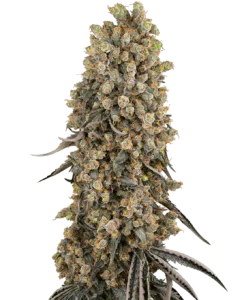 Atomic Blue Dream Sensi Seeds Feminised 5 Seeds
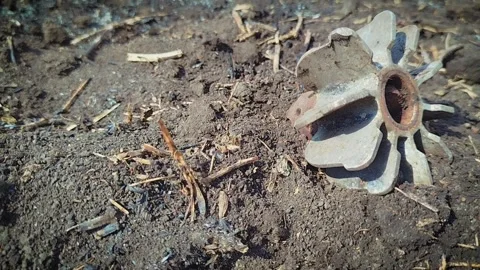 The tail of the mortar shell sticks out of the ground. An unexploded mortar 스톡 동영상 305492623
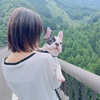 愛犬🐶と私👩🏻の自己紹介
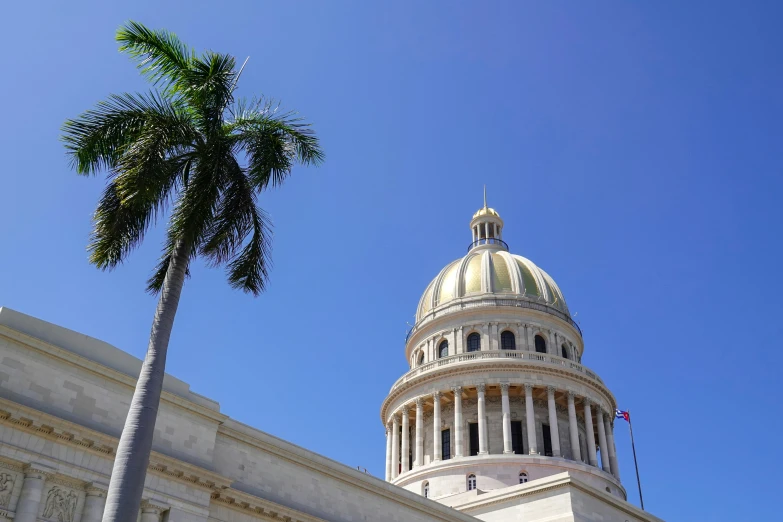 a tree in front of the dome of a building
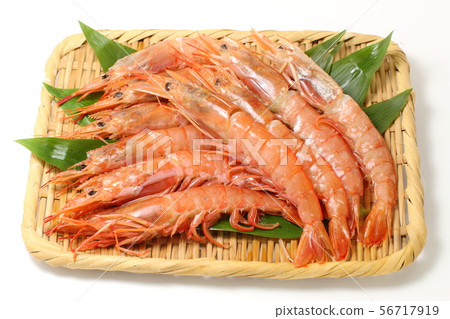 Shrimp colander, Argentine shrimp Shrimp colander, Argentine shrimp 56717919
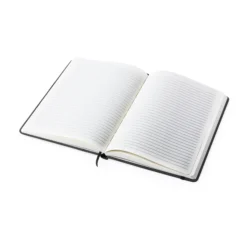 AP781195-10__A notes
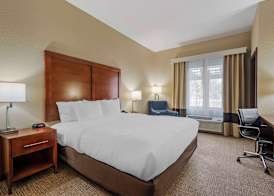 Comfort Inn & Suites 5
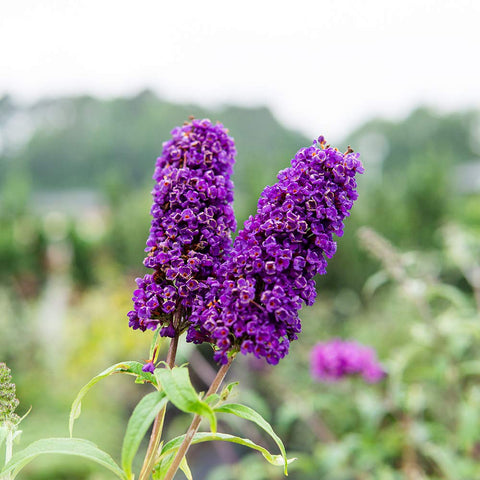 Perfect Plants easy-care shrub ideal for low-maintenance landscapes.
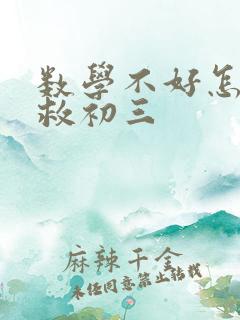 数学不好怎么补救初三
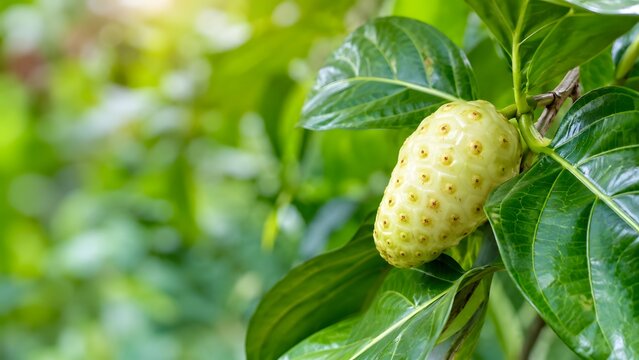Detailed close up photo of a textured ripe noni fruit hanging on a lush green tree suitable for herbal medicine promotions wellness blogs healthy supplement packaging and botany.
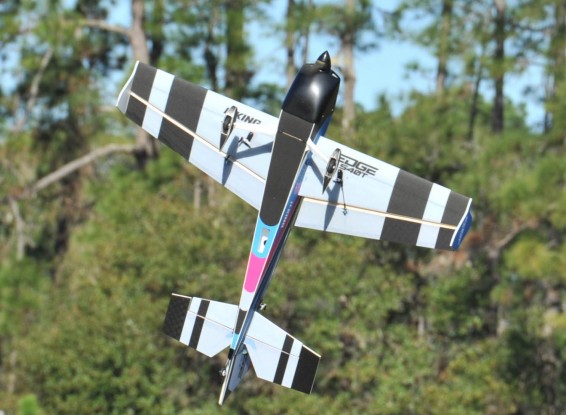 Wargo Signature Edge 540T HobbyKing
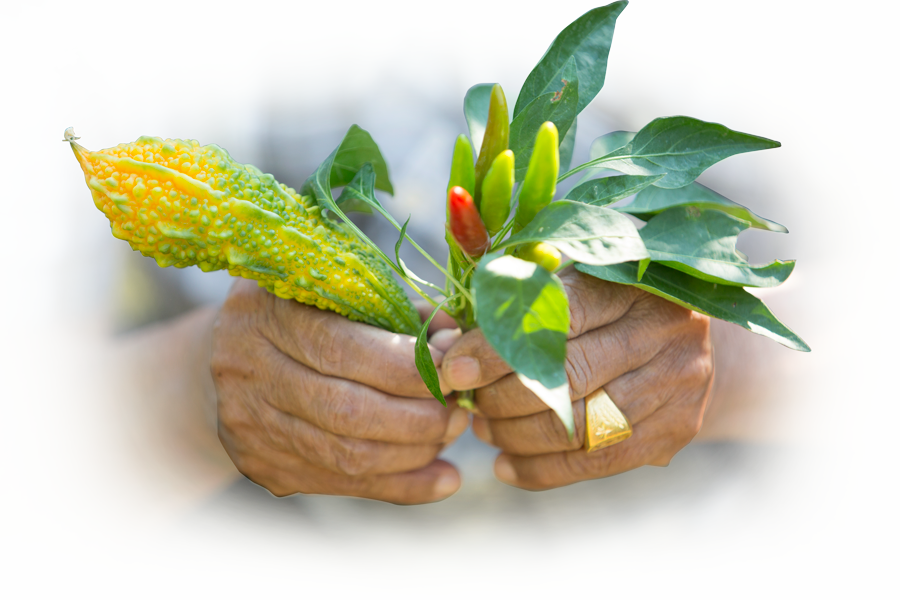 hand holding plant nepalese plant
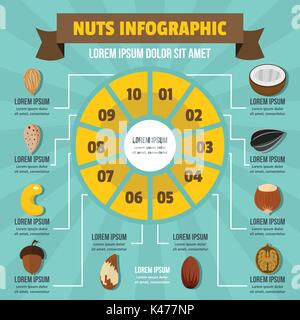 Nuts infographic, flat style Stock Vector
========================================
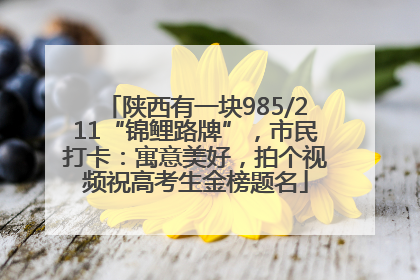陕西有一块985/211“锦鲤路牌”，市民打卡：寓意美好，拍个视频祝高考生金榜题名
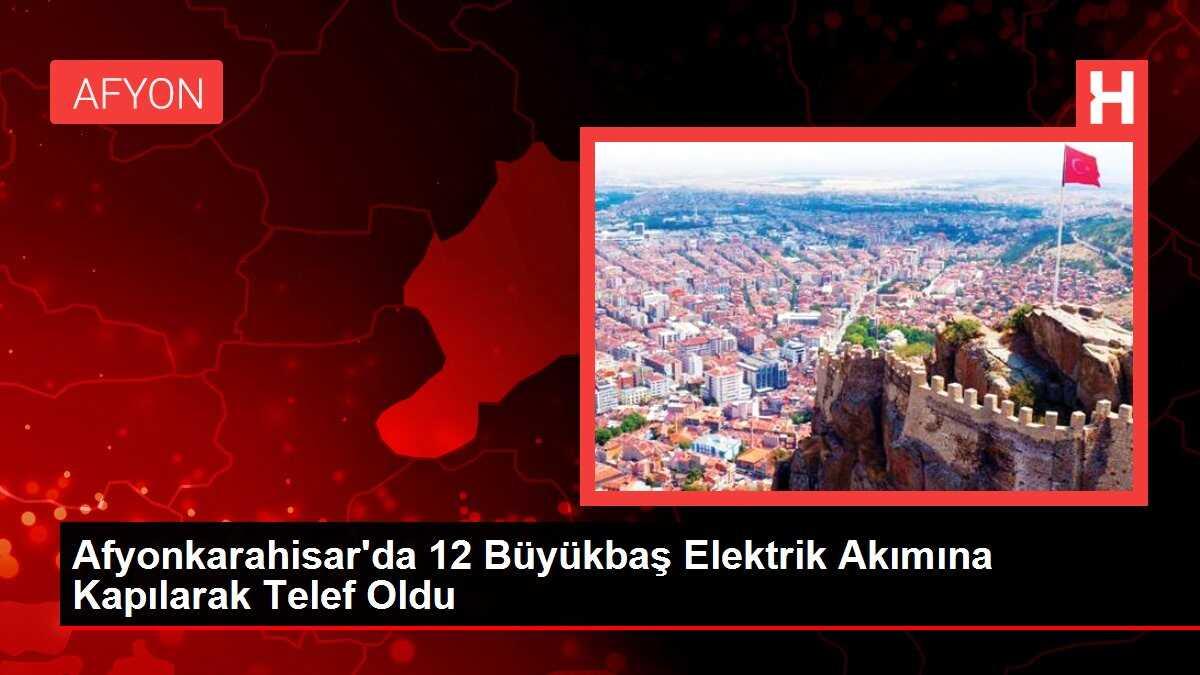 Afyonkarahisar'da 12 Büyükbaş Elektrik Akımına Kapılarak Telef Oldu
========================================
Once the line with "Atomic Blue Dream" is found above, print it and every line after it through the line with "Nuts infographic, flat style Stock Vector", exactly. Pictures stay out.

 Atomic Blue Dream Sensi Seeds Feminised 5 Seeds
 The tail of the mortar shell sticks out of the ground. An unexploded mortar 스톡 동영상 305492623
 愛犬🐶と私👩🏻の自己紹介
 a tree in front of the dome of a building
 Shrimp colander, Argentine shrimp Shrimp colander, Argentine shrimp 56717919
 AP781195-10__A notes
 Comfort Inn & Suites 5
 Perfect Plants easy-care shrub ideal for low-maintenance landscapes.
 数学不好怎么补救初三
Detailed close up photo of a textured ripe noni fruit hanging on a lush green tree suitable for herbal medicine promotions wellness blogs healthy supplement packaging and botany.
 Wargo Signature Edge 540T HobbyKing
 hand holding plant nepalese plant
 Nuts infographic, flat style Stock Vector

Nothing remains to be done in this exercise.